COOKING FOR TWO: Roasted garlic, parmesan make for flavorful fish

Roasted Garlic and Parmesan Fish (Arkansas Democrat-Gazette/Kelly Brant)
Roasted Garlic and Parmesan Fish (Arkansas Democrat-Gazette/Kelly Brant)

Roasted garlic, butter, mayonnaise and parmesan cheese team up for an unbeatable combo in this simple fish recipe adapted from "The Pacific Northwest Seafood Cookbook: Salmon, Crab, Oysters, and More" by Naomi Tomky.

The original recipe called for halibut, but I had haddock in the freezer, so that's what I used.

I was worried haddock might be a bit too fragile a substitute for halibut, but because this fish is not flipped or otherwise moved during cooking, it wasn't a problem.

Other fish that would work well include mahi-mahi, red snapper or striped bass.

As delicious as the fish is, I think my favorite part of this recipes was the bits of parmesan and garlic that melted off the filets and crisped in the iron skillet like little miniature fricos.

You'll roast a whole head of garlic — much more than you'll need — for this recipe, but the extra roasted cloves will keep refrigerated for several days, or freeze them for longer storage.

Roasted Garlic and Parmesan Fish

  • 1 head garlic
  • Vegetable or olive oil, for drizzling
  • 1 tablespoon butter
  • 2 skinless firm fish filets such as halibut, mahi-mahi, red snapper or haddock (about 4 ounces each)
  • Salt and ground black pepper, to taste
  • ¼ cup mayonnaise
  • ¼ cup freshly grated parmesan
  • Lemon wedges, optional for serving

Heat oven to 375 degrees.

Cut off the top of the head of garlic and brush off some of the outer paper skin, leaving just the individually wrapped cloves.

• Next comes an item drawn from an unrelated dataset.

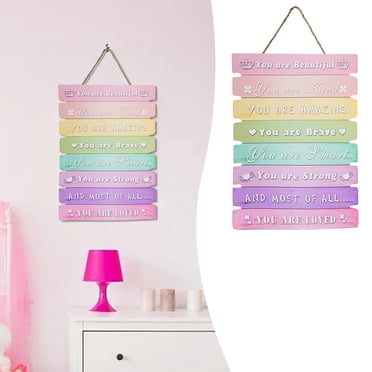 Teen Girl Room Aesthetics Rainbow Inspirational Kids Bedroom Wall Art Cute Room Pink Baby Little Girl Toddler Room Sign Kindergarten Dorm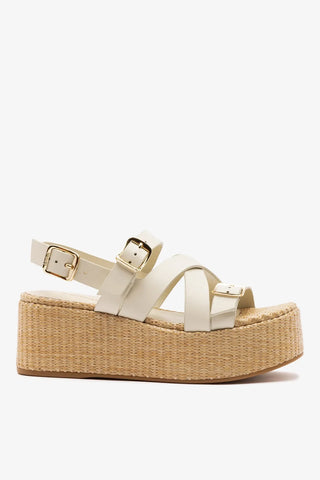 Flatform Patti Couro Off White Sandal Larroudé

On a piece of foil, pour the olive oil over the garlic, then wrap the foil around it and place it in the oven for 45 minutes, until it's completely soft. For the recipe, you'll only need three to five cloves from the head, but it's worth making a whole head to keep the rest for spreading on crusty bread or adding to salads.

Increase oven temperature to 425 degrees.

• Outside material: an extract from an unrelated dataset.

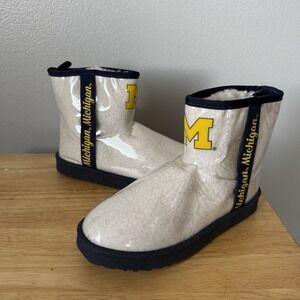 FOCO Michigan Women's Team Sherpa Rain Boots Michigan Wolverine NEW White Size 8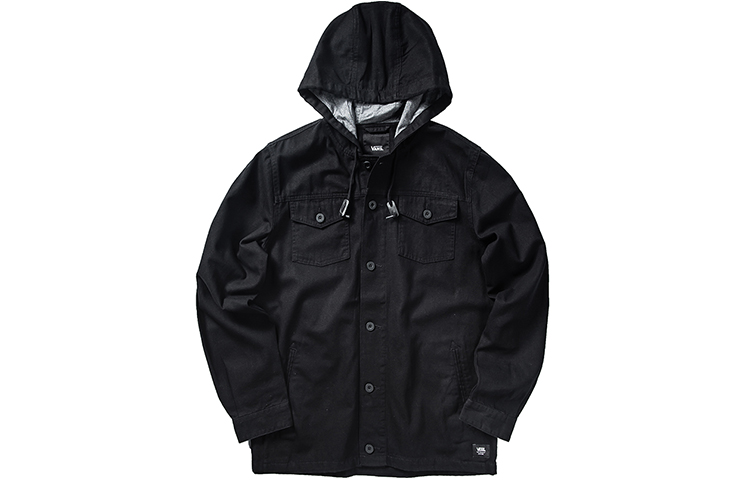 Vans LISMORE Black Hooded Casual Coach Jacket VN0A36JLBLK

Heat the butter in an oven-safe pan (I used a cast-iron skillet) over low heat. Sprinkle both sides of the fish with salt and pepper. When the butter is melted, add the filet and put it into the oven for 8 to 10 minutes. The fish should be just cooked and opaque throughout.

While the fish cooks, squeeze three to five cloves of the roasted garlic from their papery skins into a small bowl. Using a fork, mash together the garlic, mayonnaise and parmesan.

Spread each filet generously with the garlic-parmesan-mayonnaise mixture. Switch the oven to a high broil and return the pan to the still-hot oven for 4 minutes under the broiler, until the top is almost entirely golden brown.

Remove and serve immediately with a squeeze of lemon juice, if desired.

Makes 2 servings.

Recipe adapted from "The Pacific Northwest Seafood Cookbook: Salmon, Crab, Oysters, and More" by Naomi Tomky.